Flash, also known as flashing, is excess material attached to a molded, forged, or cast product, which must usually be removed. This is typically caused by leakage of the material between the two surfaces of a mold (beginning along the parting line) or between the base material and the mold in the case of overmolding.

==Details==
Molding flash is seen when the optimized parameter on cull height is not calibrated. Proper design of mold parting surfaces can reduce or eliminate flash.

Molding flash can be caused from old or worn mold cavities that no longer fit tightly together. Other times, the complexity of the part requires so many mating pieces with such precise geometries that it is almost impossible to create a perfect fit on every impression. Most often, the type of material being molded, and its attendant viscosity in its liquid form, is the primary factor that leads to the creation of the unwanted mold flash.

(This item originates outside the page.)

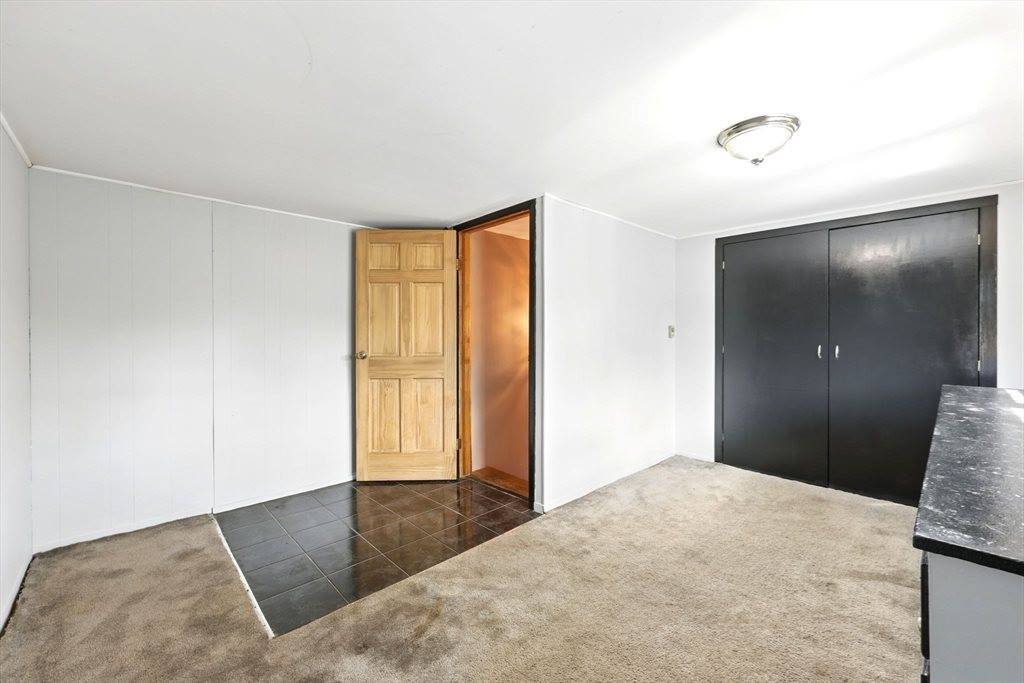 29 Goodhue Ave, Chicopee, MA 01020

The process of removing flash, known as deflashing, is commonly performed via cutting, breaking, grinding, or tumbling. Some foundries use robot autogrinders to remove this unwanted material. It is very typical for molders to have their operators trim flash with hand tools at the molding machine between cycles. Many molders and OEMs seek out the use of batch processes including vibratory tumbling, cryogenic deflashing or media blasting to remove unwanted flash from large batches of parts.

== Witness mark ==

In plastic injection, a faint mark called a witness mark (or witness line) will occur along the parting line. This is unavoidable and is usually accepted despite the minor aesthetics issue. However, some part surfaces (e.g. when used for sealing) cannot tolerate witness marks, and thus either the marks must be removed post-molding or the mold redesigned.